A Doutrina Social da Igreja trabalha com princípios. Há um Compêndio de Doutrina Social da Igreja (publicado em 2006) que apresenta esses princípios: “Os princípios permanentes da doutrina social da Igreja constituem os verdadeiros e próprios gonzos do ensinamento social católico: trata-se do princípio da dignidade da pessoa humana […] no qual todos os demais princípios ou conteúdos da doutrina social da Igreja têm fundamento, do bem comum [que inclui a destinação universal dos bens e o direito à propriedade privada], da subsidiariedade [que inclui o dever da participação] e da solidariedade. Estes princípios, expressões da verdade inteira sobre o homem conhecida através da razão e da fé, promanam do encontro da mensagem evangélica e de suas exigências, resumidas no mandamento supremo do amor com os problemas que emanam da vida da sociedade” (n. 106).

O pensamento social da Igreja parte do princípio personalista, sobre o qual se funda a sua concepção de bem comum. O Compêndio expressa o princípio personalista com as seguintes palavras: “A Igreja vê no homem, em cada homem, a imagem do próprio Deus vivo; imagem que encontra e é chamada a encontrar sempre mais profundamente plena explicação de si no mistério de Cristo, Imagem perfeita de Deus, revelador de Deus ao homem e do homem a si mesmo.
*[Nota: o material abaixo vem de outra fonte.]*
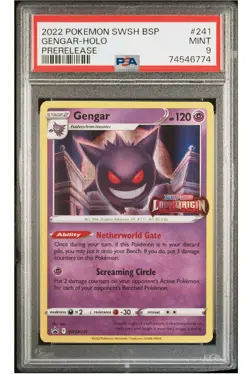 2022 POKEMON SWSH BLACK STAR PROMO PRERELEASE #241 GENGAR-HOLO PSA 9 - Image 1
A este homem, que recebeu do próprio Deus uma incomparável e inalienável dignidade, a Igreja se volta e lhe rende o serviço mais alto e singular, chamando-o constantemente à sua altíssima vocação, para que dela seja cada vez mais consciente e digno” (n. 105).

De forma que se deve falar de uma concepção personalista do bem comum, a qual afirma que a vida social não seja um mero meio para o homem conseguir o seu fim último, mas ela mesma é um fim e um elemento central do bem de cada homem. Desse modo, a convivência social pacífica faz parte do bem comum e é o critério para o bom governo político. Isso implica a rejeição do fundamentalismo, do anarquismo, do terrorismo, do separatismo e do sectarismo. É, portanto, um critério de inclusão e de participação de todos.

Consequentemente, o princípio personalista do bem comum exige a promoção de todas as formas de participação na vida social, seja dos sujeitos particulares, seja dos corpos intermediários ativos, como protagonistas sociais. A lógica personalista do bem comum permite exigir sacrifícios em vistas do bem comum político da comunidade, que é comum a todos, mas rejeita a possibilidade de sacrificar de modo utilitarista um ser humano para melhorar a soma total dos bens “pela razão fundamental que aquele alguém é sempre uma pessoa humana” (M. Negro, Bene comune e persona, p. 19), com uma dignidade incomensurável e inviolável. Portanto, “o meu bem é que tu realizes o teu bem”, e “o teu bem é que eu realize o meu bem” (G. Chalmeta, Etica sociale. Famiglia, lavoro e società, p. 89). Isso significa que o bem pessoal e o bem comum se implicam e o bem comum não é a mera soma dos bens individuais, como afirma o Utilitarismo.